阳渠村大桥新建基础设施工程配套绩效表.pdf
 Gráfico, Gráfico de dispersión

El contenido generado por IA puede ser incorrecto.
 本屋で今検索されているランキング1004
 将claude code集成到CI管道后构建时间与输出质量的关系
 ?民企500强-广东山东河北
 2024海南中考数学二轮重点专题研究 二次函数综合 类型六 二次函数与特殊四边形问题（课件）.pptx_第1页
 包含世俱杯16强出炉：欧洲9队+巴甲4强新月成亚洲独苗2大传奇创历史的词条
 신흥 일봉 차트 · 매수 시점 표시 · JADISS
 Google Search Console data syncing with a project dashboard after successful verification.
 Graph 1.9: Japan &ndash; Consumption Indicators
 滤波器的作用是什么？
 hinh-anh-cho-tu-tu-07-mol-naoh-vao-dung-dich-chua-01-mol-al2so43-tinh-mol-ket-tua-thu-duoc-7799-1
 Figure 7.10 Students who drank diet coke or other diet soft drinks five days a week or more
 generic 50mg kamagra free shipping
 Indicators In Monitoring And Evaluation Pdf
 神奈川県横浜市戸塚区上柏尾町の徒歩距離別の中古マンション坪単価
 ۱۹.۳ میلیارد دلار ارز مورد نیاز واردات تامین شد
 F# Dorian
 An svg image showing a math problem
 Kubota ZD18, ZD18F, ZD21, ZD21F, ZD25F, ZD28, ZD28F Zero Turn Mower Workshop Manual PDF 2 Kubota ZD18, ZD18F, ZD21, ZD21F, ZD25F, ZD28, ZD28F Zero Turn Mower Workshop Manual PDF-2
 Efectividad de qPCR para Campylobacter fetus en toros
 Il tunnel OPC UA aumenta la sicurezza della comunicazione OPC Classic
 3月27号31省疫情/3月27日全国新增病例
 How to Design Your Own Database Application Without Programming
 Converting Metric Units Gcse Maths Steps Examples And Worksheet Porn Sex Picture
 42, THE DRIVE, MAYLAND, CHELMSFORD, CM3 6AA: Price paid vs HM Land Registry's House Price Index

→ **WHAT YOU ARE ASKED TO DO**: What is needed is a word-for-word copy of all the material.

→ **RESPONSE BELOW**:
阳渠村大桥新建基础设施工程配套绩效表.pdf
 Gráfico, Gráfico de dispersión

El contenido generado por IA puede ser incorrecto.
 本屋で今検索されているランキング1004
 将claude code集成到CI管道后构建时间与输出质量的关系
 ?民企500强-广东山东河北
 2024海南中考数学二轮重点专题研究 二次函数综合 类型六 二次函数与特殊四边形问题（课件）.pptx_第1页
 包含世俱杯16强出炉：欧洲9队+巴甲4强新月成亚洲独苗2大传奇创历史的词条
 신흥 일봉 차트 · 매수 시점 표시 · JADISS
 Google Search Console data syncing with a project dashboard after successful verification.
 Graph 1.9: Japan &ndash; Consumption Indicators
 滤波器的作用是什么？
 hinh-anh-cho-tu-tu-07-mol-naoh-vao-dung-dich-chua-01-mol-al2so43-tinh-mol-ket-tua-thu-duoc-7799-1
 Figure 7.10 Students who drank diet coke or other diet soft drinks five days a week or more
 generic 50mg kamagra free shipping
 Indicators In Monitoring And Evaluation Pdf
 神奈川県横浜市戸塚区上柏尾町の徒歩距離別の中古マンション坪単価
 ۱۹.۳ میلیارد دلار ارز مورد نیاز واردات تامین شد
 F# Dorian
 An svg image showing a math problem
 Kubota ZD18, ZD18F, ZD21, ZD21F, ZD25F, ZD28, ZD28F Zero Turn Mower Workshop Manual PDF 2 Kubota ZD18, ZD18F, ZD21, ZD21F, ZD25F, ZD28, ZD28F Zero Turn Mower Workshop Manual PDF-2
 Efectividad de qPCR para Campylobacter fetus en toros
 Il tunnel OPC UA aumenta la sicurezza della comunicazione OPC Classic
 3月27号31省疫情/3月27日全国新增病例
 How to Design Your Own Database Application Without Programming
 Converting Metric Units Gcse Maths Steps Examples And Worksheet Porn Sex Picture
 42, THE DRIVE, MAYLAND, CHELMSFORD, CM3 6AA: Price paid vs HM Land Registry's House Price Index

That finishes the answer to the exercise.